CVE-2026-1075 is a Cross-Site Request Forgery (CSRF) vulnerability identified in the ZT Captcha plugin for WordPress, affecting all versions up to and including 1.0.4. The vulnerability stems from improper nonce validation on the save_ztcpt_captcha_settings action. Specifically, the nonce check can be bypassed by submitting an empty token value, allowing an attacker to craft a malicious request that modifies the plugin’s settings without authentication. The attack vector requires tricking a site administrator into performing an action such as clicking a specially crafted link, which then executes the unauthorized request. Since the nonce validation is flawed, the server accepts the forged request as legitimate, leading to unauthorized changes in plugin configuration. Although the vulnerability does not expose sensitive data or cause denial of service, it compromises the integrity of the plugin’s settings, potentially weakening site defenses or altering captcha behavior. The CVSS v3.1 base score is 4.3 (medium severity), reflecting the lack of confidentiality or availability impact, no required privileges, but requiring user interaction. No public exploits have been reported yet. The vulnerability is significant for WordPress sites using ZT Captcha, particularly those with administrators susceptible to social engineering attacks. As the plugin is widely used for bot mitigation, unauthorized changes could degrade site security or user experience.

For European organizations, this vulnerability poses a risk primarily to the integrity of WordPress sites using the ZT Captcha plugin. An attacker exploiting this flaw can alter captcha settings, potentially disabling or weakening bot protection mechanisms. This could lead to increased spam, automated abuse, or further exploitation of the affected websites. While confidentiality and availability are not directly impacted, the integrity compromise can indirectly facilitate additional attacks or degrade trust in the affected web services. Organizations relying on WordPress for customer-facing portals, e-commerce, or internal tools may experience reputational damage or operational disruptions if attackers manipulate captcha settings to bypass security controls. The requirement for administrator interaction means targeted phishing or social engineering campaigns could be used to exploit this vulnerability. Given the widespread use of WordPress in Europe, especially in small and medium enterprises, the threat is non-trivial. However, the absence of known exploits in the wild and the medium severity score suggest the impact is moderate but should not be ignored.

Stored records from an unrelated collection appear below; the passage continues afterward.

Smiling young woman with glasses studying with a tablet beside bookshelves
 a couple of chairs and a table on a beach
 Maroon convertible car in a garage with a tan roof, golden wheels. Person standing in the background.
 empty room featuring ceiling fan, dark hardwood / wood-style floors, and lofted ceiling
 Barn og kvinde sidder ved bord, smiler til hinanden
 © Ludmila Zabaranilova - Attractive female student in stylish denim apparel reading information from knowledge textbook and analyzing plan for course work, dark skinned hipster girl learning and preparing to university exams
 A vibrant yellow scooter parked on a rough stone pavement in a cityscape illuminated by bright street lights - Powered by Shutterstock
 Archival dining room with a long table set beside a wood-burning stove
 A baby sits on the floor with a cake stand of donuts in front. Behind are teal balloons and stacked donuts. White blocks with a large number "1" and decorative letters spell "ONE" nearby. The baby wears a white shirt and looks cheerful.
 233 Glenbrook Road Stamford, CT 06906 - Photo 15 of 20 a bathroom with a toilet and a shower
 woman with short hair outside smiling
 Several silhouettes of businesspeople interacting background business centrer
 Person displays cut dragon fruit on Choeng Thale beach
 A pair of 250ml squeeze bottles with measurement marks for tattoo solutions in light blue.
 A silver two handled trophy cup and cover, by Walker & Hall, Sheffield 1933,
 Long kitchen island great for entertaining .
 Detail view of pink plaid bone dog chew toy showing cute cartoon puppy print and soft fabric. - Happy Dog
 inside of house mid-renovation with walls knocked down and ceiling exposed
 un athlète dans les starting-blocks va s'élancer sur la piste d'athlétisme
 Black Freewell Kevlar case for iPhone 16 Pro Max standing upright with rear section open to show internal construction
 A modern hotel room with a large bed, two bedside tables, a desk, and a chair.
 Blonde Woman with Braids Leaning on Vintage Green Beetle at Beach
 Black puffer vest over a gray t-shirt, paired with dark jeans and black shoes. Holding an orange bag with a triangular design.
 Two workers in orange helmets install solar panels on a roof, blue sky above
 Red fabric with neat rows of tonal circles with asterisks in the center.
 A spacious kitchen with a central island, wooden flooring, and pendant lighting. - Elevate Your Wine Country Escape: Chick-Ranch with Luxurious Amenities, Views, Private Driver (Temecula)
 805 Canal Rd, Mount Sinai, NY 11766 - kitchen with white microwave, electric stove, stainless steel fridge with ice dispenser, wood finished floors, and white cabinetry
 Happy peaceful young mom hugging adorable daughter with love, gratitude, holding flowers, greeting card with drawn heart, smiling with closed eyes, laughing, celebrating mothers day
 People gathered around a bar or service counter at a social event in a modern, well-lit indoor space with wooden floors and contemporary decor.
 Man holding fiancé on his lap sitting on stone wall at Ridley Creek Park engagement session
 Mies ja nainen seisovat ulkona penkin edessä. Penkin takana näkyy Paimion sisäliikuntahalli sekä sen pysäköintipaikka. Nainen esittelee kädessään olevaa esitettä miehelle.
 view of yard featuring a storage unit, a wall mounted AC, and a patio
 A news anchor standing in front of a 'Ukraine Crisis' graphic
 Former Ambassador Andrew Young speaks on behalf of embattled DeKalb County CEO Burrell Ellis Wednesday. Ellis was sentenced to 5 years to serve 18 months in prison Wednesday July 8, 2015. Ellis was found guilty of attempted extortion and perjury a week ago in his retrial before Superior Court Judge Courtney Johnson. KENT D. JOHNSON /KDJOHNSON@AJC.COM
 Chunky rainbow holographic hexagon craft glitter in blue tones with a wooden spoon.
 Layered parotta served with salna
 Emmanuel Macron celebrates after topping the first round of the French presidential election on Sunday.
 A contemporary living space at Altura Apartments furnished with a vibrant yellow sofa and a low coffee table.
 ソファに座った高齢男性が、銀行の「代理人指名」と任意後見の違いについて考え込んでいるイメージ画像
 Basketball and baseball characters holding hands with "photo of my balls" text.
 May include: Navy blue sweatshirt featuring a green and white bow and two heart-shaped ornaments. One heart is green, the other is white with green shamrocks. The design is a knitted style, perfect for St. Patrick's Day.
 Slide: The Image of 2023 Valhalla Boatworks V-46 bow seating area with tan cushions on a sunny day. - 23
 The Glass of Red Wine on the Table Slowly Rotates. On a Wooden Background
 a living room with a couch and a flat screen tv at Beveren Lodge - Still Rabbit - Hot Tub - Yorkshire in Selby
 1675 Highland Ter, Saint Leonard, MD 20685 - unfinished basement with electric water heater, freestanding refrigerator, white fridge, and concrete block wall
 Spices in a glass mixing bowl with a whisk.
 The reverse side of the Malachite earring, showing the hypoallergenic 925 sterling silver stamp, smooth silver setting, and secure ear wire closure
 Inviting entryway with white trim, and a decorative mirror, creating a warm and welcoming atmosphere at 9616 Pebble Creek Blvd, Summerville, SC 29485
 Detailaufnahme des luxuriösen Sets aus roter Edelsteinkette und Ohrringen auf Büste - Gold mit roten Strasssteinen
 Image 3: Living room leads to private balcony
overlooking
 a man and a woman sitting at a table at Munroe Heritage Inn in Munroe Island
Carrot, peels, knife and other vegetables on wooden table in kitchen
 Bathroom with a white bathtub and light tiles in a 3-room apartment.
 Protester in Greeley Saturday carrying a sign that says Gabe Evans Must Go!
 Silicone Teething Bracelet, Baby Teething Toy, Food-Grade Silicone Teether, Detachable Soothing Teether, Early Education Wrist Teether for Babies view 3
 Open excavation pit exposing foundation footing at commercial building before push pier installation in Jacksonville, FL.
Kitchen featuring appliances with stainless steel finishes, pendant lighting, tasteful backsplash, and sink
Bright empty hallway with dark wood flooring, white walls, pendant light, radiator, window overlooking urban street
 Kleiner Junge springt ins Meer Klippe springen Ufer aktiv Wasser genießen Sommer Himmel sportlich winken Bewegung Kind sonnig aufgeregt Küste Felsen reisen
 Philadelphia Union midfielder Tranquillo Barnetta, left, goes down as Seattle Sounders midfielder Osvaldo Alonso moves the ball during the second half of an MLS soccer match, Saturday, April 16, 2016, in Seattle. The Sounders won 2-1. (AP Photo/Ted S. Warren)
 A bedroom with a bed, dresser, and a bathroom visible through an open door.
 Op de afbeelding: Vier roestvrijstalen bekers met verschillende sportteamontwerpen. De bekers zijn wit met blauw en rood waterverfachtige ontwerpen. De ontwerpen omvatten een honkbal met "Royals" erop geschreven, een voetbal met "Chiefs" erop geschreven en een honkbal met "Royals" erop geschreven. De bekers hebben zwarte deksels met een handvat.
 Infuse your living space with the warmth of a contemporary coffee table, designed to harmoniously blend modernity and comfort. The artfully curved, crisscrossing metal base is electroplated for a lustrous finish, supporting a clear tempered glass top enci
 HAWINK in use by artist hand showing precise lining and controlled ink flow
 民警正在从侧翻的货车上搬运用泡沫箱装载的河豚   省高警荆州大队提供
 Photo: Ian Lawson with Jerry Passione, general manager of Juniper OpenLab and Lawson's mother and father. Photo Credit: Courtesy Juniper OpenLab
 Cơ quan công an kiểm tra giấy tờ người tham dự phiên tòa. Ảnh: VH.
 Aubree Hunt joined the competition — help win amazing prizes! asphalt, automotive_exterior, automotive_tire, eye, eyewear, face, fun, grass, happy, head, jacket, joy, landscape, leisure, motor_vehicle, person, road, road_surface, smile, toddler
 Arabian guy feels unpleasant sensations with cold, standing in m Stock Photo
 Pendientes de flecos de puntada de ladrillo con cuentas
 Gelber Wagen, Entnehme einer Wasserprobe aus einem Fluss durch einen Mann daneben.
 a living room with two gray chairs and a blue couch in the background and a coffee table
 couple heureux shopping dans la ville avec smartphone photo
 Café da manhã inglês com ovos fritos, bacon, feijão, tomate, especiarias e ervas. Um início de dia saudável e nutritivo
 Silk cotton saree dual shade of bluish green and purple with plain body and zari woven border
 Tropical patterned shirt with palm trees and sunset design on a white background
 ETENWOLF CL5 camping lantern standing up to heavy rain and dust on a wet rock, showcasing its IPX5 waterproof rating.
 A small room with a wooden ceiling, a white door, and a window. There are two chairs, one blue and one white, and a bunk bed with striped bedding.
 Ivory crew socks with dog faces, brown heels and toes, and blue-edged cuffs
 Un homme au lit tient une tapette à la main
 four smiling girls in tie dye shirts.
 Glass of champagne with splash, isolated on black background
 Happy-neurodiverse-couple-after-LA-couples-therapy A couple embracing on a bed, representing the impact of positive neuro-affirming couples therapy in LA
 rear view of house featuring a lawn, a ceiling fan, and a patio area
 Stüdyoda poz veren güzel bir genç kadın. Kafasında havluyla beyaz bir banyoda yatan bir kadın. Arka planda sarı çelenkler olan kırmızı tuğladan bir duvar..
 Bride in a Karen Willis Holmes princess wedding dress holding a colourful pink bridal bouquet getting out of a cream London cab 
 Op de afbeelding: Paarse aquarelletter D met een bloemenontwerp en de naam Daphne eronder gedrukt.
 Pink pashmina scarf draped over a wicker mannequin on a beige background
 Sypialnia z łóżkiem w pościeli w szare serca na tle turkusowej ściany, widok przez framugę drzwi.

1. Monitor the official ZT Captcha plugin repository and vendor communications for an official patch addressing CVE-2026-1075 and apply it promptly once available. 2. Until a patch is released, implement custom nonce validation in the plugin code to reject requests with empty or missing nonce tokens on the save_ztcpt_captcha_settings action. 3. Educate WordPress site administrators about the risks of clicking on unsolicited or suspicious links, especially those that could trigger administrative actions. 4. Employ web application firewalls (WAFs) with rules to detect and block CSRF attack patterns targeting WordPress admin endpoints. 5. Restrict administrative access to trusted networks or VPNs to reduce exposure to external CSRF attempts. 6. Regularly audit WordPress plugins and configurations to detect unauthorized changes in captcha or security settings. 7. Consider implementing multi-factor authentication (MFA) for WordPress admin accounts to reduce the risk of account compromise through social engineering.